Negotiations between the House and Senate on a compromise bill remain underway. Hanging in the balance are extended unemployment benefits and another round of $1,200 checks for taxpayers that economists argue are vital to preventing long-term damage to the nation’s economy.

While the GOP Senate bill does extend the moratorium on evictions from federally subsidized housing units and properties financed by federally backed loans, Dworkin calls evictions moratoriums “a Band-Aid on a gaping wound.”

He says Republicans in the Senate “need to stop looking at rental assistance as a Democrat issue and see it as a small-business and constituent issue.”

“The last thing we want to see is tens of thousands of sheriffs’ deputies making evictions at one time. Where would these people go? Most wouldn’t be able to get new housing with evictions on their credit reports. They will end up homeless, end up costing the government more money, and make it harder to get rid of the virus.”

Dworkin says a long list of advocacy groups representing both tenants and rental property owners are urging Congress to approve the $100 billion in emergency rental assistance. They include the National Multifamily Housing Council, a trade group representing mid- to large-size apartment complex owners.

“Never before in history have interests of landlords and tenants been this aligned,” he said.

Legitimate need easy to prove

Some South Florida landlords have justified filing eviction suits during the moratorium by pointing to tenants who can afford their rent but have decided not to pay. Yet Mark A. Levy, partner in the South Florida-based firm Brinkley Morgan, who represents several owners of mid-size rental properties, says its impossible to estimate how many past-due renters are exploiting the moratorium.

“All the good landlords and good renters are trying to work together to make things right,” he said. “But if someone hasn’t paid their rent in five months — if they haven’t come to the landlord and said, ‘I’m really trying but here’s $200′ — I’m pretty sure they’re taking advantage.‘”

While scammers exist, that can’t be an excuse not to provide needed relief, Dworkin says. “The only reasonable criteria is whether you’ve lost your job because of COVID. It’s easy to prove.”
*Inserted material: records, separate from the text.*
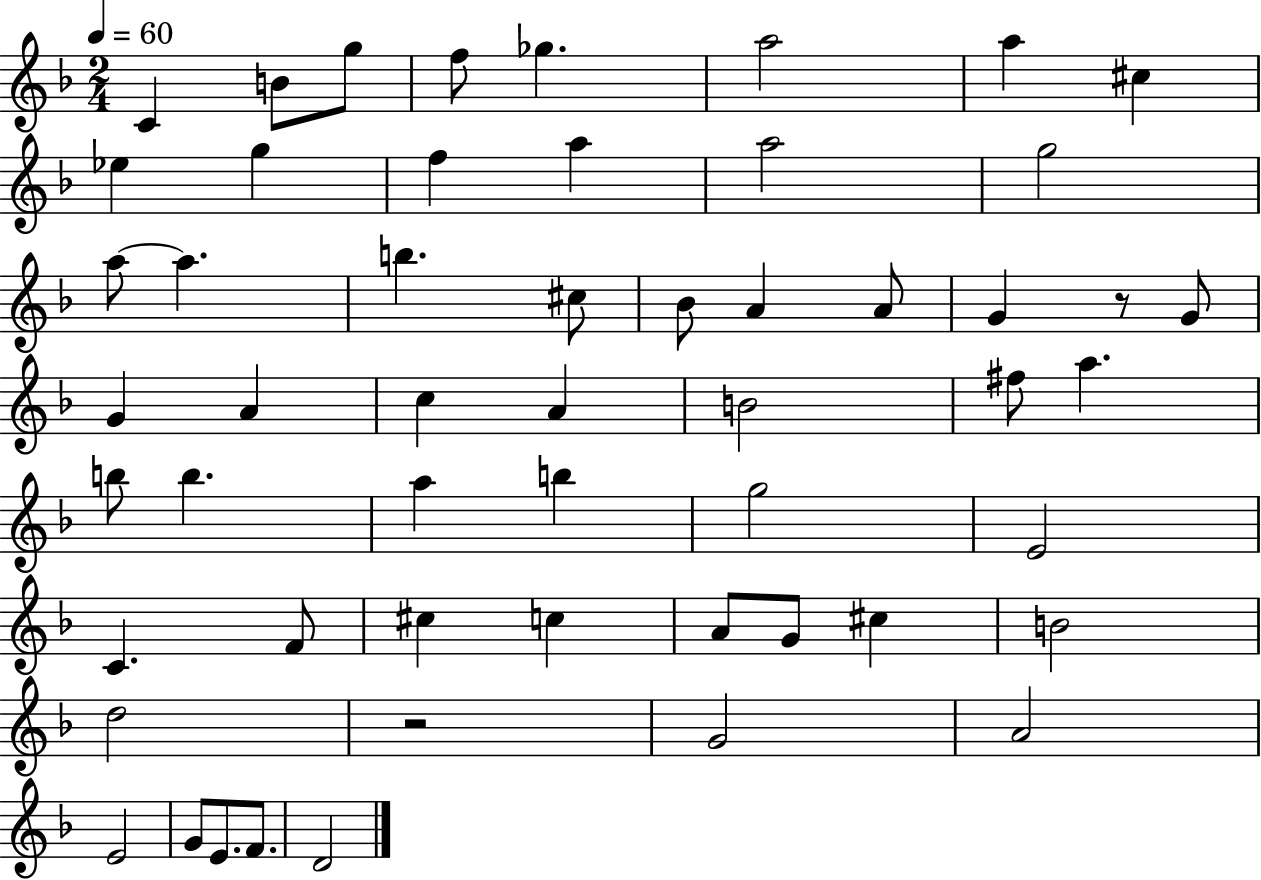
{
  \clef treble
  \numericTimeSignature
  \time 2/4
  \key f \major
  \tempo 4 = 60
  c'4 b'8 g''8 | f''8 ges''4. | a''2 | a''4 cis''4 | \break ees''4 g''4 | f''4 a''4 | a''2 | g''2 | \break a''8~~ a''4. | b''4. cis''8 | bes'8 a'4 a'8 | g'4 r8 g'8 | \break g'4 a'4 | c''4 a'4 | b'2 | fis''8 a''4. | \break b''8 b''4. | a''4 b''4 | g''2 | e'2 | \break c'4. f'8 | cis''4 c''4 | a'8 g'8 cis''4 | b'2 | \break d''2 | r2 | g'2 | a'2 | \break e'2 | g'8 e'8. f'8. | d'2 | \bar "|."
}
In June, Gov. DeSantis released $250 million in pandemic relief funds to help households meet their rent and mortgage obligations. While it’s helped some, it’s not enough money to avoid the eviction crisis that awaits the expiration of the eviction moratorium, Greer says.
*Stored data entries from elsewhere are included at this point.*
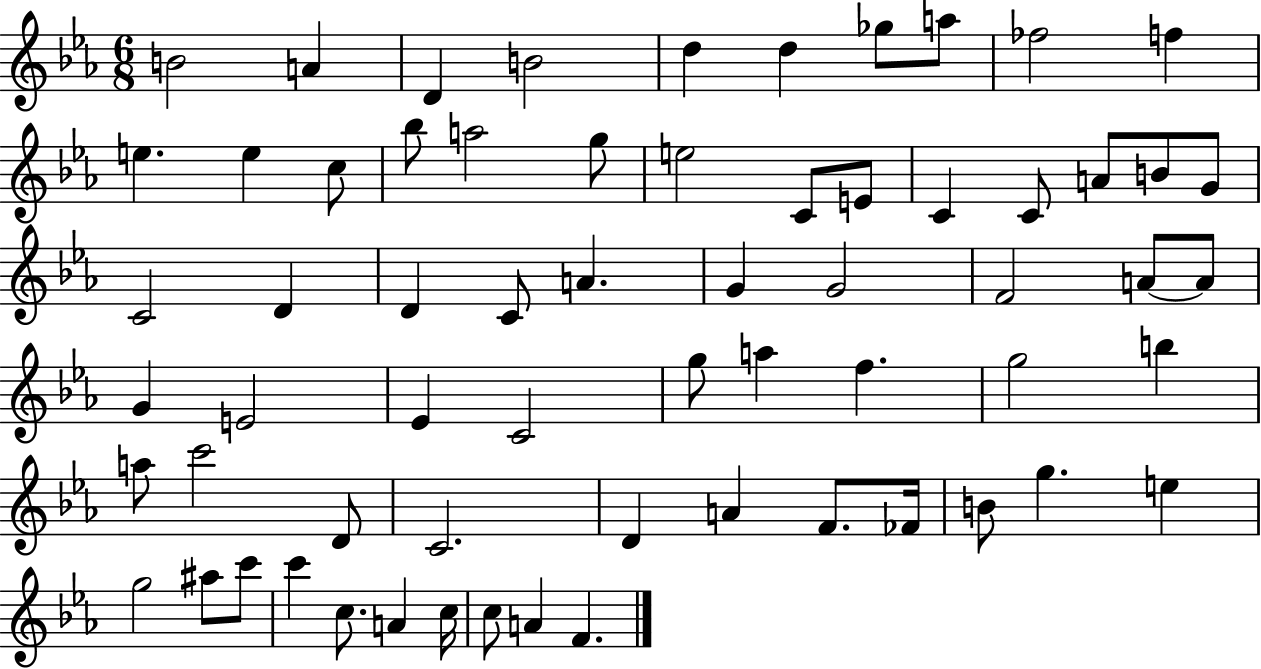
B4/h A4/q D4/q B4/h D5/q D5/q Gb5/e A5/e FES5/h F5/q E5/q. E5/q C5/e Bb5/e A5/h G5/e E5/h C4/e E4/e C4/q C4/e A4/e B4/e G4/e C4/h D4/q D4/q C4/e A4/q. G4/q G4/h F4/h A4/e A4/e G4/q E4/h Eb4/q C4/h G5/e A5/q F5/q. G5/h B5/q A5/e C6/h D4/e C4/h. D4/q A4/q F4/e. FES4/s B4/e G5/q. E5/q G5/h A#5/e C6/e C6/q C5/e. A4/q C5/s C5/e A4/q F4/q. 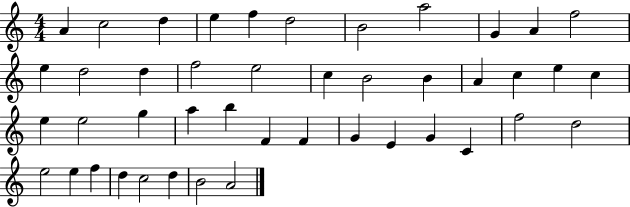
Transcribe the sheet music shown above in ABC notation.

X:1
T:Untitled
M:4/4
L:1/4
K:C
A c2 d e f d2 B2 a2 G A f2 e d2 d f2 e2 c B2 B A c e c e e2 g a b F F G E G C f2 d2 e2 e f d c2 d B2 A2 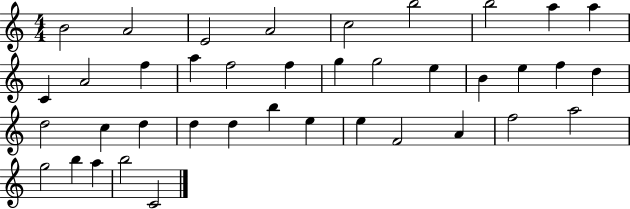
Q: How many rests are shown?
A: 0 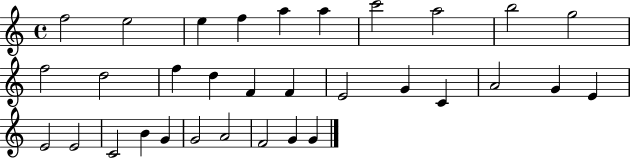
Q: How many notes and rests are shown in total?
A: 32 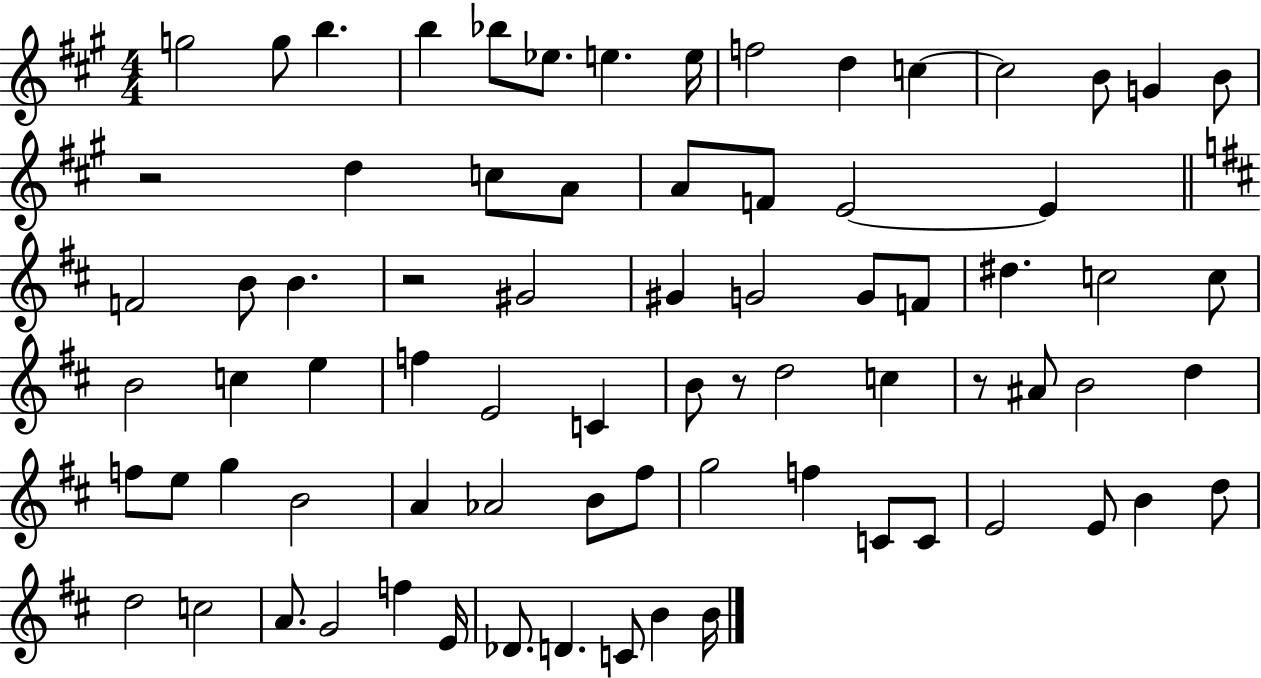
X:1
T:Untitled
M:4/4
L:1/4
K:A
g2 g/2 b b _b/2 _e/2 e e/4 f2 d c c2 B/2 G B/2 z2 d c/2 A/2 A/2 F/2 E2 E F2 B/2 B z2 ^G2 ^G G2 G/2 F/2 ^d c2 c/2 B2 c e f E2 C B/2 z/2 d2 c z/2 ^A/2 B2 d f/2 e/2 g B2 A _A2 B/2 ^f/2 g2 f C/2 C/2 E2 E/2 B d/2 d2 c2 A/2 G2 f E/4 _D/2 D C/2 B B/4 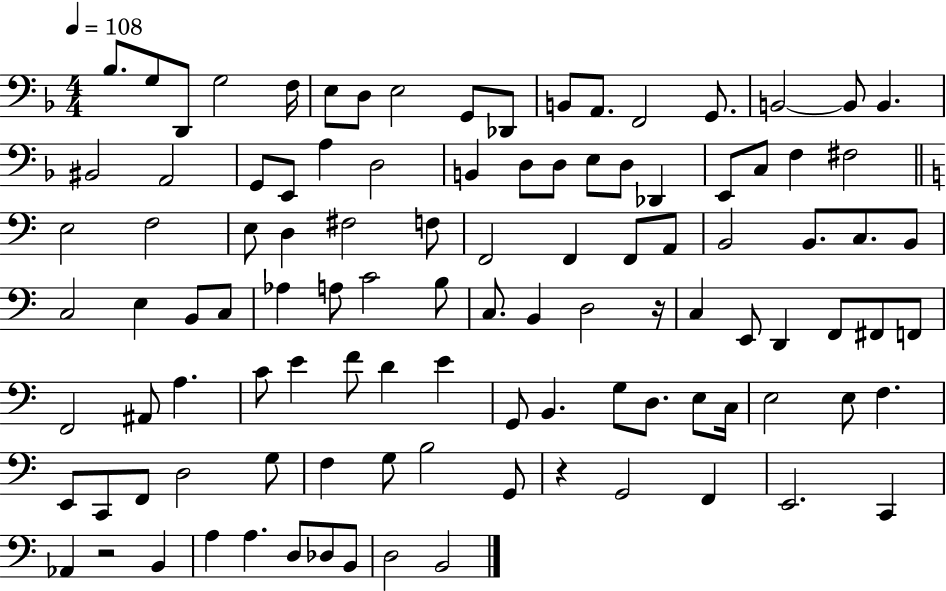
{
  \clef bass
  \numericTimeSignature
  \time 4/4
  \key f \major
  \tempo 4 = 108
  \repeat volta 2 { bes8. g8 d,8 g2 f16 | e8 d8 e2 g,8 des,8 | b,8 a,8. f,2 g,8. | b,2~~ b,8 b,4. | \break bis,2 a,2 | g,8 e,8 a4 d2 | b,4 d8 d8 e8 d8 des,4 | e,8 c8 f4 fis2 | \break \bar "||" \break \key c \major e2 f2 | e8 d4 fis2 f8 | f,2 f,4 f,8 a,8 | b,2 b,8. c8. b,8 | \break c2 e4 b,8 c8 | aes4 a8 c'2 b8 | c8. b,4 d2 r16 | c4 e,8 d,4 f,8 fis,8 f,8 | \break f,2 ais,8 a4. | c'8 e'4 f'8 d'4 e'4 | g,8 b,4. g8 d8. e8 c16 | e2 e8 f4. | \break e,8 c,8 f,8 d2 g8 | f4 g8 b2 g,8 | r4 g,2 f,4 | e,2. c,4 | \break aes,4 r2 b,4 | a4 a4. d8 des8 b,8 | d2 b,2 | } \bar "|."
} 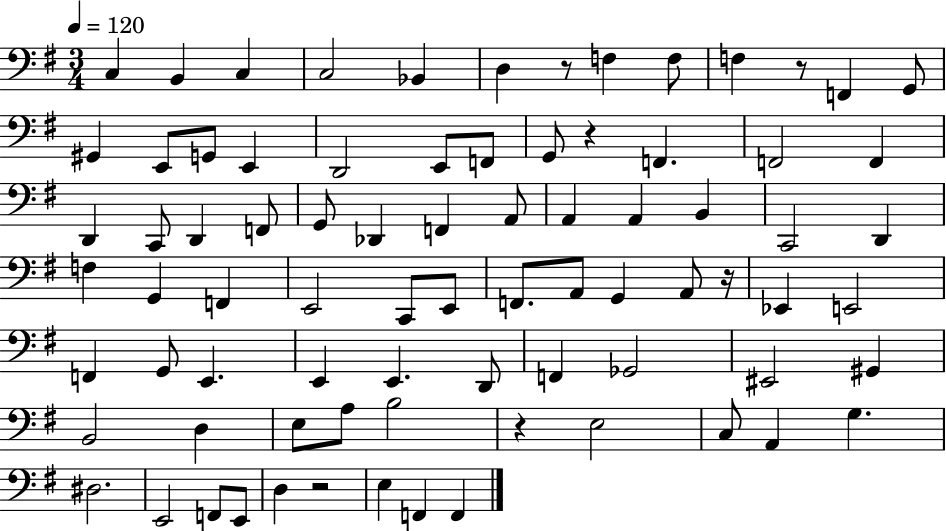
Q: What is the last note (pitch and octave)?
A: F2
Plus, applicants must meet strict eligibility criteria, including a requirement to produce a written lease. That’s a problem because many low-income tenants are on informal month-to-month agreements, Greer says.

Broward County’s Family Success department has fielded 5,000 requests for a share of its $500,000 emergency assistance budget and distributed $356,500 to 115 households, assistant director Natalie Moffitt Beasley said. A majority of callers don’t meet criteria for assistance, she said.

Dworkin says the proposed $100 billion in federal emergency rent assistance should be enough to pay off past-due rent and rent through the end of the year for tenants who lost their jobs because of the pandemic. Recipients should not be required to repay the emergency money, he said.

However, the program should not be seen as a cave-in to some activists demanding that the government “cancel rent,” he said.

“Canceling rent is a terrible idea,” he said. “There’s absolutely no reason workers with jobs shouldn’t pay.” Landlords must get paid, he said, so they can maintain their properties and avoid going bankrupt. Large-scale loan defaults would erode safety and sanitation and lead to more multifamily rental properties being taken over by hedge funds, he said.

In addition, “canceling rent is politically impossible,” he added. “It’s not going to happen.”